6. Required operation time.
7. Other actuator considerations.

1. Who will supply and install the actuator?

All damper manufacturers can supply a wide variety of actuators. Standard location of actuators on industrial dampers is external (internal actuator mounting can sometimes be used in HVAC systems). When Greenheck supplies the actuators, it is factory-installed, tested, and cycled on the damper before shipment.

When you order the actuator(s) factory-installed by the damper manufacturer, it is usually less expensive and the best way to ensure that the actuator is properly sized and correctly installed on the damper. Greenheck can supply and install most actuators brands and models that are available.

It should be noted that the latest version of ULs Fire Smoke Damper Standards require all actuators on UL Classified smoke dampers be furnished and installed by the damper manufacturer at the time the damper is manufactured.

2. Will the actuator be direct-coupled to the damper’s operating shaft, or will it be connected using crank arms and linkage?

In the past, many damper actuators required the use of lever arms (also called crank arms) and linkage rods to convert the rotary or linear output motion of the actuator to the 90° rotation required to operate a damper.
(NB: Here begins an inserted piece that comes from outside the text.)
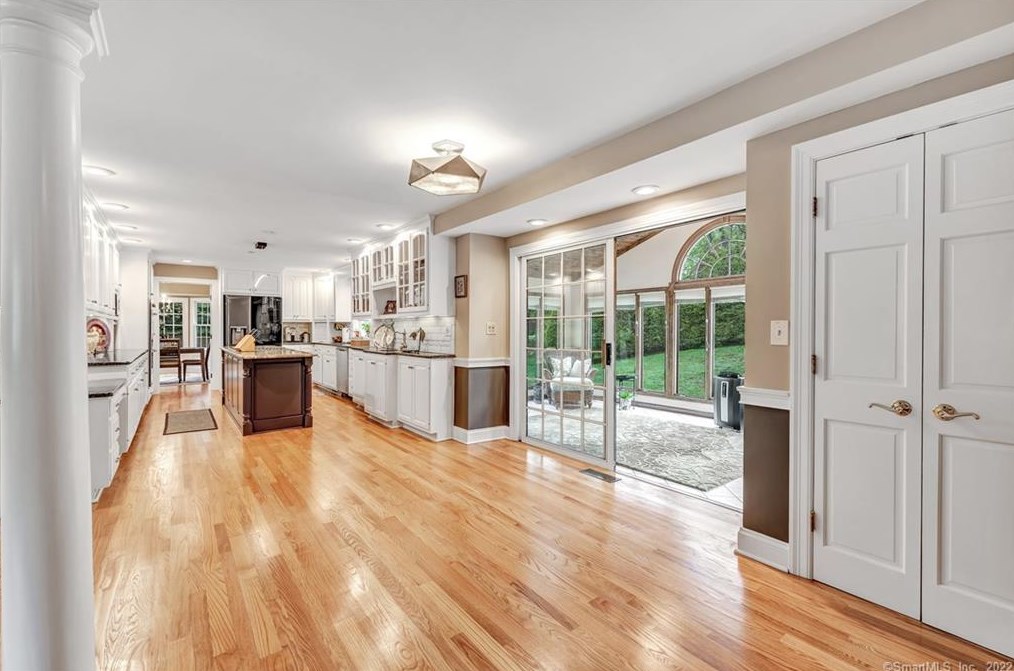 33 Ledgewood Rd, Huntington CT  06484-2147 exterior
Over the years, electric actuators with 90° rotary output designed to couple directly to a damper’s operating shaft have become widely available. Use of these direct-couple actuators has greatly simplified the installation of an actuator on a damper by eliminating the need for arms and

linkage, and the often-frustrating task of adjusting the linkages. Using direct-coupled actuators also ensures that rated actuator torque is applied directly to the damper’s operating shaft which simplifies matching an actuator with the required damper’s torque.

3. Will the actuator be electric, pneumatic, or manual?

Electric actuators are available with many different supply voltages. Most common voltages are 24 VDC, 24 VAC, 120 VAC, and 240 VAC. Additionally 360 VAC or 430 VAC three-phase actuators are also available. For "fail-safe" operation, spring-return models should be specified (battery backup systems are also available to offer "fail safe" operation).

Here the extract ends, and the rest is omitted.